Oro: un enigma che dura da millenni
Oro. Comunque lo si legga, da destra o da sinistra, quello rimane nei palindromi della nostra lingua. E quello è rimasto per secoli, addirittura per millenni, da quando l’uomo ha assunto le competenze per fonderlo e modellarlo a suo piacimento: simbolo di divinità, bellezza e potere, merce di scambio e strumento di risparmio, ultimo bene rifugio, poi domani chissà. Funzioni diverse che si sono intervallate nel corso del tempo, spesso sovrapponendosi fra di loro, facendo emergere una duttilità e una capacità di trasformazione unica nel suo genere. Per molti è un mistero: com’è possibile che un semplice metallo abbia assunto in tutte le epoche, e in pressoché tutte le civiltà, un ruolo così centrale nella vita sociale ed economica dell’essere umano? La bellezza intrinseca (e innegabile) del materiale può essere una prima risposta, ma non giustifica una persistenza che è riuscita a travalicare i confini geografici e temporali. Pure quella dell’uso industriale appare una motivazione riduttiva, non in grado di legittimare il valore di un metallo che è andato crescendo nel corso del tempo, seppur fra innumerevoli oscillazioni.
La risposta evidentemente sta in altro. E secondo Salvatore Rossi, direttore generale della Banca d’Italia e presidente dell’Ivass, risiede nella fiducia che l’oro “sempre e ovunque, nel presente e nel futuro, potrà essere scambiato”. L’ipotesi è raccolta in un volumetto di appena 131 pagine, pubblicato all’inizio di quest’anno dalla casa editrice Il Mulino. Il titolo è semplice e va dritto al nocciolo della questione: Oro, senza tanti giri di parole.

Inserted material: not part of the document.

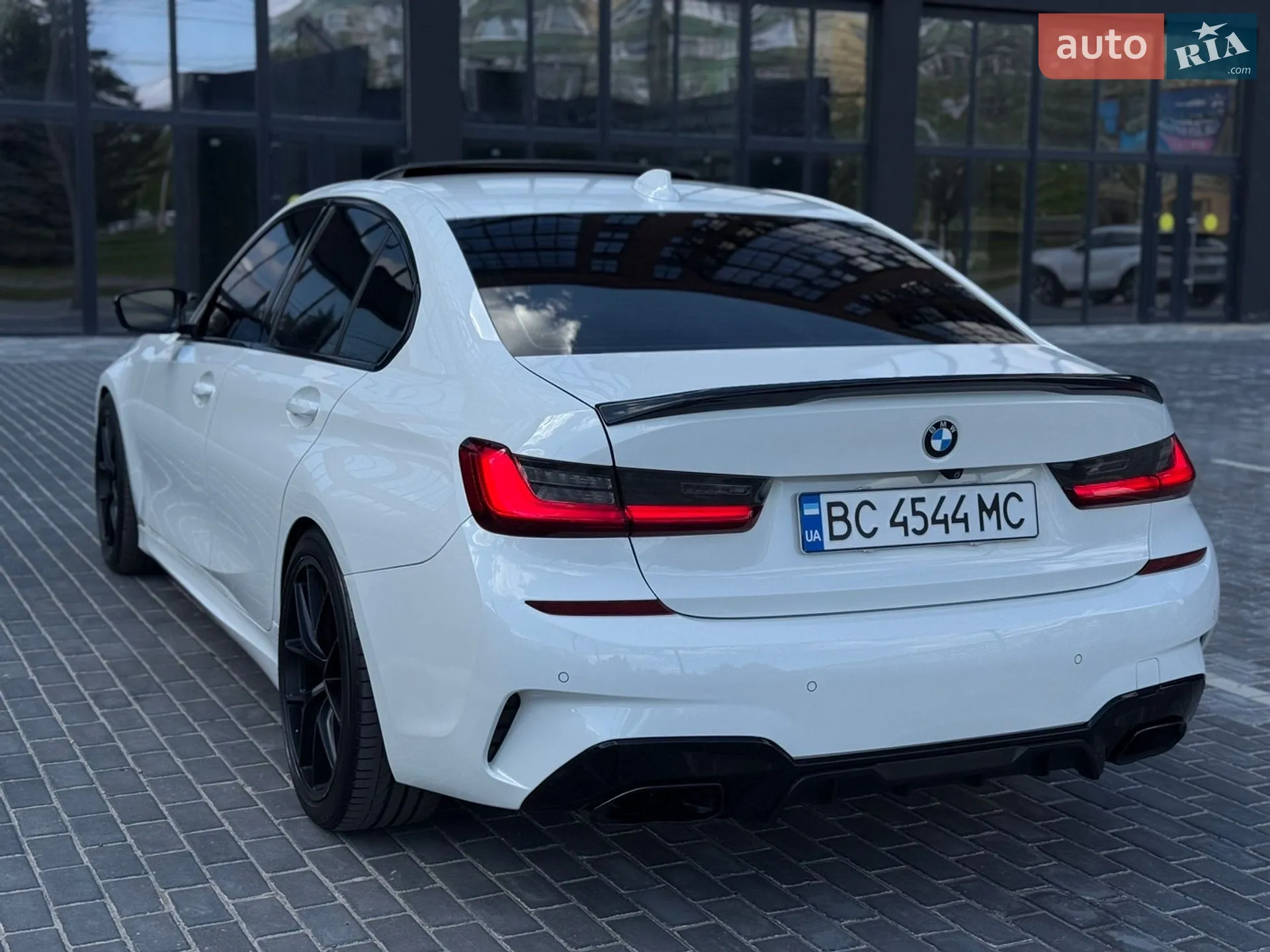 2019 BMW 3er - мініатюра 11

Di taglio prettamente divulgativo, il libro punta a offrire una panoramica generale ma esaustiva sulle innumerevoli funzioni che il metallo più prezioso ha assunto nel corso del tempo. Il punto di vista è invece quello dell’autore, ossia quello di un addetto ai lavori che ha varcato i cancelli della Banca d’Italia nell’ormai lontano 1976. E che lì è poi rimasto con mansioni di crescente responsabilità. Il volume comincia proprio da lì, con una storiella (inventata ma non troppo) sulle contromisure prese nel 1943 dalla banca centrale nazionale per evitare che i tedeschi, diventati nemici dopo l’armistizio, si impossessassero dell’oro custodito nei sotterranei di Via Nazionale. Un semplice aneddoto utile a far comprendere il valore che questo metallo ha assunto nel corso del tempo: se in piena guerra ci si incaponisce nel custodire tonnellate e tonnellate di semplice metallo, preservandolo così dalla razzia degli invasori, alla fine tanto semplice quel metallo non deve essere.
La storia dell’oro, così come raccontata dall’autore, si intreccia inevitabilmente con quella del denaro. Dapprima quasi come sinonimi, con la coniazione di monete in metallo pregiato, poi in maniera sempre più rarefatta: dal gold standard, e quindi dalla convertibilità del denaro in oro, fino agli accordi di Bretton Woods nel 1944, per poi passare alla rivoluzione dello Smithsonian agreement nel 1971 e approdare alla situazione attuale di un denaro completamente fiduciario. Il futuro, secondo molti, sarà dominato da monete virtuali, bitcoin e figli più o meno legittimi, che saranno sempre più slegati dal valore dell’oro.
Eppure, nonostante ciò, la domanda di oro continua ad aumentare. E zeppi di oro continuano a essere i forzieri e i caveaux delle moderne banche centrali. Perché? Perché nell’epoca del denaro completamente fiduciario, affrancati da quel gold standard che John Maynard Keynes era arrivato a definire “un relitto barbarico”, ci si ostina a chiedere e accumulare oro? Perché, scrive Salvatore Rossi, l’oro “è come l’argenteria di famiglia, è come l’orologio prezioso del nonno, è l’estrema risorsa in caso di crisi, di una qualsivoglia crisi che faccia venir meno la fiducia internazionale nei confronti del paese”. L’oro è ormai diventato il bene rifugio per eccellenza. E lo è diventato proprio sulla base di quella fiducia che, secondo l’autore, è in grado di sciogliere l’arcano: l’oro potrà sempre essere scambiato.
Difficile dire cosa ci riserverà il futuro. Magari, come accennato, l’economia dei prossimi anni sarà davvero dominata da monete virtuali, da stringhe di codice e algoritmi che poco e nulla hanno a che fare con metalli preziosi (a parte forse le terre rare che sono alla base dei nostri hardware). Eppure l’oro pare destinato a durare ancora a lungo. Almeno finché l’uomo vorrà riconoscere un valore a questo particolare metallo.